LONDON (Reuters) - France's Schneider Electric is combining its software operations with Britain's Aveva to create a business active in sectors ranging from nuclear power to pharmaceuticals.
Schneider will pay 550 million pounds ($858 million) towards the issue of new shares in Aveva, a company that designs shipping, industrial plants and nuclear power stations.
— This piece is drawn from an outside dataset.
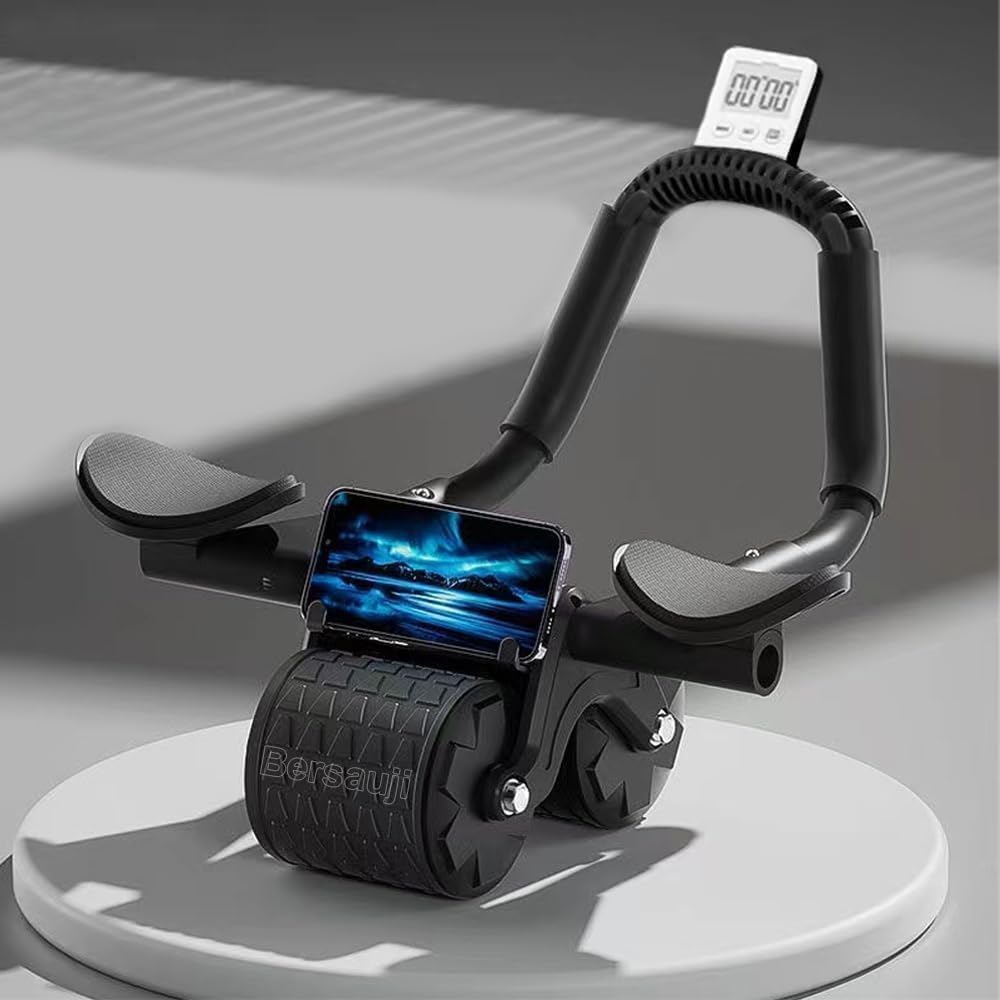 Bersauji 2025 New Ab Roller Wheel with Knee Mat &Timer, Automatic Rebound Abdominal Wheel, Ab Abdominal Exercise Roller with Elb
It will take a 53.5 percent stake in the enlarged company.
"This deal has a clear and compelling industrial logic," said Aveva's chief executive Richard Longdon, who will remain in charge of the group.
"(It) will diversify Aveva's end markets, significantly enhancing its position in oil and gas, power and marine, but also adding a big presence in other verticals including chemicals, food and beverage, mining water and pharmaceuticals."
Shares in Aveva, which was founded in 1967 as a spin-off from Cambridge University, jumped to a four-year high of 2,344 pence on Monday morning, and they were trading up 25 percent at 2,230 pence at 0940 GMT.
Shares in Schneider Electric, a much bigger group with annual revenues of 25 billion euros ($27 billion) last year, were trading up 0.80 percent at 64.41 euros.
The deal will more than double the size of Aveva, giving it annual revenue of about 534 million pounds and adjusted earnings of about 130 million pounds.
It will also see former assets of Britain's Invensys, bought by Schneider two years ago, united with Aveva.
Longdon said Schneider had decided to structure the deal as a reverse takeover rather than the straight acquisition that had been mooted in media reports to retain more flexibility to make further acquisitions.
"There was not an offer on the table to buy the business outright," he said.
The merged business will retain its listing on the London Stock Exchange. Aveva's shareholders will get a cash payout after the share issue.
Analysts at Investec, who upgraded Aveva to "Buy" as a result of the deal, said it had many merits.
"It should (...) materially diversify Aveva's geographic and vertical exposure and so come at an opportune time for the business, which was suffering for its high exposure to oil and gas," they said.